1. Besaran Gaya Redaman dan Karakteristik Variasi: Besaran dan karakteristik variasi gaya redaman merupakan indikator kunci kinerja peredam kejut. Secara umum, gaya redaman peredam kejut harus berukuran sedang-tidak terlalu tinggi atau terlalu rendah-untuk memastikan stabilitas berkendara dan kenyamanan berkendara. Pada saat yang sama, karakteristik variasi gaya redaman harus sehalus mungkin untuk menghindari guncangan atau pantulan yang tiba-tiba saat berkendara.
2. Daya Tahan dan Keandalan: Peredam kejut merupakan bagian yang rentan pada sistem suspensi kendaraan dan memerlukan penggantian yang sering. Oleh karena itu, ketahanan dan keandalannya juga merupakan indikator penting kinerjanya. Peredam kejut yang baik harus memiliki masa pakai yang lama dan kinerja yang stabil, beradaptasi dengan berbagai kondisi jalan dan lingkungan berkendara.
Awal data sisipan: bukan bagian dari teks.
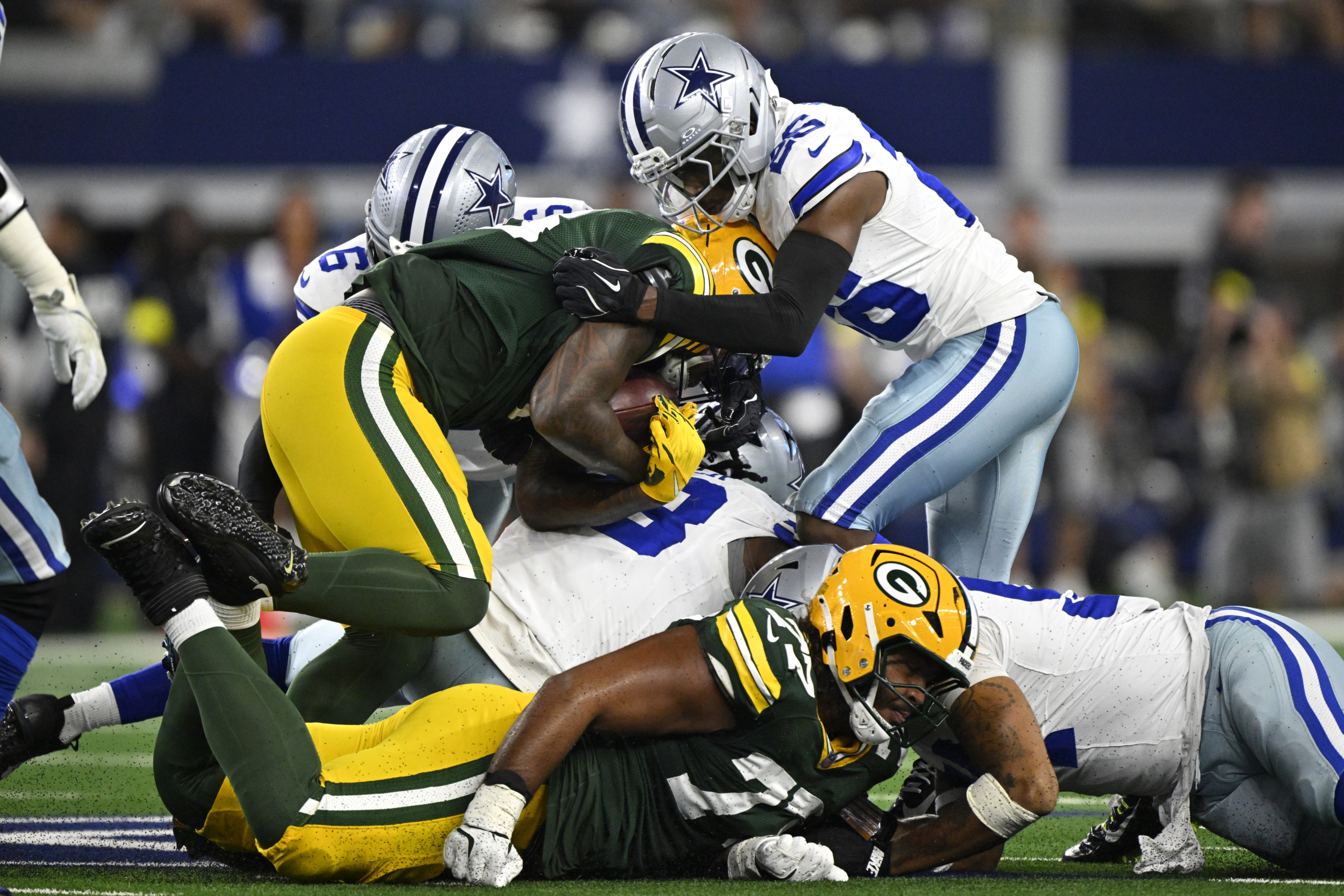 https://sportsnaut.com/wp-content/uploads/2025/09/NFL-Green-Bay-Packers-at-Dallas-Cowboys-27198020-scaled.jpg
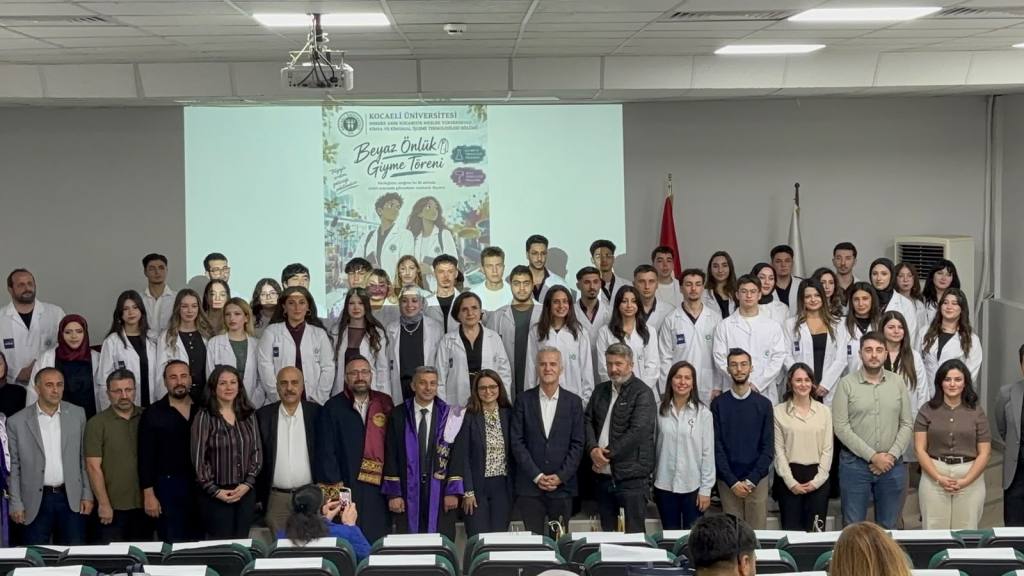 BOYA VE KOZMETİK TEKNOLOJİSİ ÖĞRENCİLERİ BEYAZ ÖNLÜKLERİNİ GİYDİ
3. Kemampuan Beradaptasi dan Penyesuaian: Model kendaraan dan kebiasaan mengemudi yang berbeda memiliki persyaratan yang berbeda untuk peredam kejut. Oleh karena itu, kemampuan beradaptasi dan penyesuaian juga merupakan indikator penting kinerja peredam kejut. Peredam kejut yang baik harus memiliki kemampuan beradaptasi dan penyesuaian yang kuat agar sesuai dengan model kendaraan dan kebiasaan mengemudi yang berbeda, sehingga memberikan pengalaman berkendara yang lebih baik.